[plt-scheme] Creating a suspended thread

From: Marc Feeley (feeley at iro.umontreal.ca)
Date: Mon Apr 13 16:39:32 EDT 2009

On 13-Apr-09, at 10:24 AM, Matthew Flatt wrote:

> At Mon, 13 Apr 2009 16:36:45 +0300, R. Emre Başar wrote:
>> I'm tryring to create a thread which is initially suspended.  As  
>> far as
>> I know, (thread (lambda () ...)) creates a thread and runs it  
>> instantly.
>> Is it possible to create a thread in suspended state to resume later?
>>
>> I know it's possible to create and suspend it afterwards but our
>> application is rather time intensive so I don't want it to have  
>> even a
>> little chance to run.
>
> Matthias asks a good question, but...
>
> (define (thread/suspended thunk)
>   (let* ([s (make-semaphore)]
>          [t (thread (lambda ()
>                       (semaphore-wait s)
>                       (thunk)))])
>     (thread-suspend t)
>     (semaphore-post s)
>     t))
>
> In practice, `thread-suspend' will suspend the new thread before it is
> ever swapped in.

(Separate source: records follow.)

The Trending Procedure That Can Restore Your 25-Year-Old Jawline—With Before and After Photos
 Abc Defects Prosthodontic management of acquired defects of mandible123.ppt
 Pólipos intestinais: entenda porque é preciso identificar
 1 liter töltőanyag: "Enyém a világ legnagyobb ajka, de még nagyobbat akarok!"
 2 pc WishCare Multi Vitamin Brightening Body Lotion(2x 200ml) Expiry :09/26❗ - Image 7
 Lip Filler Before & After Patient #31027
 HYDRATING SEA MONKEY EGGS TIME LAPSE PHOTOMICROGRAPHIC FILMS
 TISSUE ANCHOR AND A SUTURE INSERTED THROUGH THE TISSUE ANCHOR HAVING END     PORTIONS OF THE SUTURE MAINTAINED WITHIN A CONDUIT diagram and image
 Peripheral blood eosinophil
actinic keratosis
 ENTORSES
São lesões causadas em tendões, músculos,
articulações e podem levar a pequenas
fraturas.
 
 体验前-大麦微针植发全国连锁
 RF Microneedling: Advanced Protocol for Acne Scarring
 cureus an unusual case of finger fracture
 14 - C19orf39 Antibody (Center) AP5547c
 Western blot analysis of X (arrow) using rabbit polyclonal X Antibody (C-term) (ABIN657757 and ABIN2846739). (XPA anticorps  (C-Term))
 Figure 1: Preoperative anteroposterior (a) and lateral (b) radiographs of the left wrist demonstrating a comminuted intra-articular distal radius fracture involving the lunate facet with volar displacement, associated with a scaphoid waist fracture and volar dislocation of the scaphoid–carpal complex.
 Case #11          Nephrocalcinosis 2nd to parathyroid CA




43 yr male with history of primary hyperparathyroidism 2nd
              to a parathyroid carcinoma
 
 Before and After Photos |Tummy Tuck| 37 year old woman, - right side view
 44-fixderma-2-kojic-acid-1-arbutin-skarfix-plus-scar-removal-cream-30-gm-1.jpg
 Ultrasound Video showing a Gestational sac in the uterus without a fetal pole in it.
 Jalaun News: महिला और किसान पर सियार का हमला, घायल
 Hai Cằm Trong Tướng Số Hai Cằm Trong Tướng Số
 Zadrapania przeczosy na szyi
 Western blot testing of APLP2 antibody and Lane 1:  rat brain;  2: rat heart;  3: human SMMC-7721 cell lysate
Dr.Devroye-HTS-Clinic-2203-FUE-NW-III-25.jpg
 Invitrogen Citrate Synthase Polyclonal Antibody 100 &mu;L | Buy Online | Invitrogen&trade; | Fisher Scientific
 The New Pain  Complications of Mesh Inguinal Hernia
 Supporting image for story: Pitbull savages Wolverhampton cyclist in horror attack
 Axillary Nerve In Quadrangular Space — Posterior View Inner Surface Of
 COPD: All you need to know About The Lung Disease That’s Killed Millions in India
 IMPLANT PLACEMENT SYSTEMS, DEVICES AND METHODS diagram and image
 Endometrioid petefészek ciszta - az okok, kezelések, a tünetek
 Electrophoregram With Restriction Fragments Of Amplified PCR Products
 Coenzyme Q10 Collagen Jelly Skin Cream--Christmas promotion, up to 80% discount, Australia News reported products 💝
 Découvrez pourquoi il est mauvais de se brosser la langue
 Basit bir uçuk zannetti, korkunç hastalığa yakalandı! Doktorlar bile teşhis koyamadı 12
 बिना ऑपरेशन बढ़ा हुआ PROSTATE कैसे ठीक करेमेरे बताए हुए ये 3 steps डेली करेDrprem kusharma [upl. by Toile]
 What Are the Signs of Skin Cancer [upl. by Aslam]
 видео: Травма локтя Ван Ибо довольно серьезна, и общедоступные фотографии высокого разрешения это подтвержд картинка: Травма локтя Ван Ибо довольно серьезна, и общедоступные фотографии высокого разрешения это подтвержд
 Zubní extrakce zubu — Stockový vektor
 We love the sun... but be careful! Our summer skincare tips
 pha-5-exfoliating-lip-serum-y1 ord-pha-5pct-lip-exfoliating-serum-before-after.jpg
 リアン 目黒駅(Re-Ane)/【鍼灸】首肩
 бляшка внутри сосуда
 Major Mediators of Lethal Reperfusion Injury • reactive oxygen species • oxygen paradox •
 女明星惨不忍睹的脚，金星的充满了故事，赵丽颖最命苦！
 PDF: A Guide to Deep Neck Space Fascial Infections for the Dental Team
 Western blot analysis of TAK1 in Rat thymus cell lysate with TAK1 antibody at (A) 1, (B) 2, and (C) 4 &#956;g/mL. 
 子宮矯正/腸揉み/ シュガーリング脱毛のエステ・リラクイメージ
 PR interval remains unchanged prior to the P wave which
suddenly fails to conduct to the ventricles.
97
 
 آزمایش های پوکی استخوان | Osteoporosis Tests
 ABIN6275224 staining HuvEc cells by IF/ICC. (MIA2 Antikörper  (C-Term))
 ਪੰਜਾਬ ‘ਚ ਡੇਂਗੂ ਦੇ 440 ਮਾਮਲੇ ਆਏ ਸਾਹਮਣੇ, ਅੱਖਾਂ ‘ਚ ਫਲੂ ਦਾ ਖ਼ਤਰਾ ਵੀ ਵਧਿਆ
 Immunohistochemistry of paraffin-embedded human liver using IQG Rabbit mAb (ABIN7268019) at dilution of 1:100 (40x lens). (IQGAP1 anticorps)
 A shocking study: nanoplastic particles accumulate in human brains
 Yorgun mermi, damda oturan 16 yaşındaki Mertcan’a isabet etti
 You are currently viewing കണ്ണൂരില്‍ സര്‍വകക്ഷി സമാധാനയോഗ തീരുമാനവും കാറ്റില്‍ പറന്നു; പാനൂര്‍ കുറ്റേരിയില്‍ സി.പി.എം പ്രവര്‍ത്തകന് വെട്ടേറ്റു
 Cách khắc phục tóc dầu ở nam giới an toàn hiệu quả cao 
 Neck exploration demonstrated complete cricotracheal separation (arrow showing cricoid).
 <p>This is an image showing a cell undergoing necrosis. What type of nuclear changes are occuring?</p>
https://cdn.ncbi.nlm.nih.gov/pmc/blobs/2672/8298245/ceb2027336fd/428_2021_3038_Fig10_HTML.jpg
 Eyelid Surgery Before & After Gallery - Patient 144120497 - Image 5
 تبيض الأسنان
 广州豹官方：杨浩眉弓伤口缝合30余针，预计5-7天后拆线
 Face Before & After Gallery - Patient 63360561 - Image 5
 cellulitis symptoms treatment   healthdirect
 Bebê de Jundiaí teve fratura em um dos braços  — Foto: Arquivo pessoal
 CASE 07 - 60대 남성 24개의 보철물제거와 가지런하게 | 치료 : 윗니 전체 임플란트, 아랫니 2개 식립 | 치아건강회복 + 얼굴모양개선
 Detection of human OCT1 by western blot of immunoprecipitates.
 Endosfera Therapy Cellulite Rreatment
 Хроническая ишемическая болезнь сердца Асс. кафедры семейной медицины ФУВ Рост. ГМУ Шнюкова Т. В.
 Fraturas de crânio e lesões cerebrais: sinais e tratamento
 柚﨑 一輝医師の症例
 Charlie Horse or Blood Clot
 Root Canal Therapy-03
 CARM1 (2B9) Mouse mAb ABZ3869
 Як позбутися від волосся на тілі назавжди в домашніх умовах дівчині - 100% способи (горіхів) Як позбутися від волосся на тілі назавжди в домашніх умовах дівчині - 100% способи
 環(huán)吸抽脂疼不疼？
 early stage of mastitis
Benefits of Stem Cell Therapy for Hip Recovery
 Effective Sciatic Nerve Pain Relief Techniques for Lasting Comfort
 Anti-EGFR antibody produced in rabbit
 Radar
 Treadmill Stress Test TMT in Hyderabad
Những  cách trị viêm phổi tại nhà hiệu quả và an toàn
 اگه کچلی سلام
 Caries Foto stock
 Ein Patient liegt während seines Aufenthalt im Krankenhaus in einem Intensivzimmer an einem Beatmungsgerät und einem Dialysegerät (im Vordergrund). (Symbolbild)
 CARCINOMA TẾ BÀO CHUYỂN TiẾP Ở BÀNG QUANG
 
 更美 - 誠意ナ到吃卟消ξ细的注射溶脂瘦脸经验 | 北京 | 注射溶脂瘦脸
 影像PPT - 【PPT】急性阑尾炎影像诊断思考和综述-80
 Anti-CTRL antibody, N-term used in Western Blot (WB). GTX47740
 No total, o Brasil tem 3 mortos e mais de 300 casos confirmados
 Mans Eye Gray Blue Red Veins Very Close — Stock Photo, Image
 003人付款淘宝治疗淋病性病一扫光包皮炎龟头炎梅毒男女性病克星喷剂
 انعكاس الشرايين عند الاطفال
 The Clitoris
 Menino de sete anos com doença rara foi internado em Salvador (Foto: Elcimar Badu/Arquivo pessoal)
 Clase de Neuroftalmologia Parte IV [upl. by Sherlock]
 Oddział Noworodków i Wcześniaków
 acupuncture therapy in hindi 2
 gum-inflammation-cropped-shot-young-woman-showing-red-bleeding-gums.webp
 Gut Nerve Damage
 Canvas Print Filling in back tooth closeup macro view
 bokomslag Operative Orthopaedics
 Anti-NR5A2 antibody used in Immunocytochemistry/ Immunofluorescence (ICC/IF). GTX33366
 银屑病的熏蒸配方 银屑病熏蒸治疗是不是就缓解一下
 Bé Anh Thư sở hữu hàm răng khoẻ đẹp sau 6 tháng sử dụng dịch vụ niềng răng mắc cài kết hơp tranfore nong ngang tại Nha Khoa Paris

In the unlikely event that the creating thread is
> swapped out before it can suspend the new one, the semaphore prevents
> the new thread from making any progress. (The semaphore operations are
> all cheap.)

Does PLT support SRFI 18?  The SRFI 18 API for thread creation  
distinguishes thread creation (make-thread) and thread activation  
(thread-start!).  The usefulness of this is explained in the SRFI 18  
spec under "thread-start!":

NOTE: It is useful to separate thread creation and thread activation  
to avoid the race condition that would occur if the created thread  
tries to examine a table in which the current thread stores the  
created thread. See the last example of thread-terminate! which  
contains mutually recursive threads.

and the example from "thread-terminate!" is

     (define (amb thunk1 thunk2)
       (let ((result #f)
             (result-mutex (make-mutex))
             (done-mutex (make-mutex)))
         (letrec ((child1
                   (make-thread
                     (lambda ()
                       (let ((x (thunk1)))
                         (mutex-lock! result-mutex #f #f)
                         (set! result x)
                         (thread-terminate! child2)
                         (mutex-unlock! done-mutex)))))
                  (child2
                   (make-thread
                     (lambda ()
                       (let ((x (thunk2)))
                         (mutex-lock! result-mutex #f #f)
                         (set! result x)
                         (thread-terminate! child1)
                         (mutex-unlock! done-mutex))))))
           (mutex-lock! done-mutex #f #f)
           (thread-start! child1)
           (thread-start! child2)
           (mutex-lock! done-mutex #f #f)
           result)))

Delayed activation is essential for creating mutually recursive threads.